EXERCISE: Quote word for word from the line holding "De Inchiriat - Complex" to the last line below, including both, and omit any pictures.
::: DATA EXCERPT :::
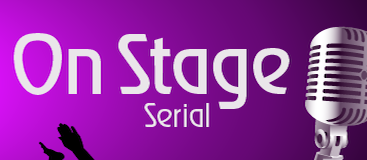 OnStage Serial-Regular
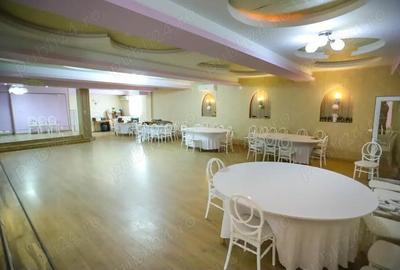 De Inchiriat - Complex Alutus Mangalia Hotel + Restaurant + Sali Evenimente - 2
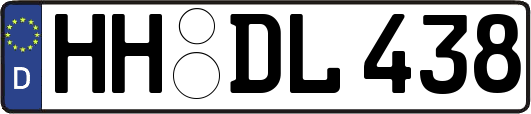 HH-DL438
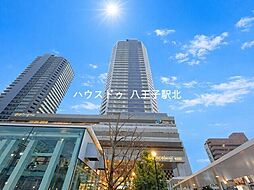 シティタワー国分寺ザ・ツインウエスト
:::
RESPONSE BOX:
 De Inchiriat - Complex Alutus Mangalia Hotel + Restaurant + Sali Evenimente - 2
 HH-DL438
 シティタワー国分寺ザ・ツインウエスト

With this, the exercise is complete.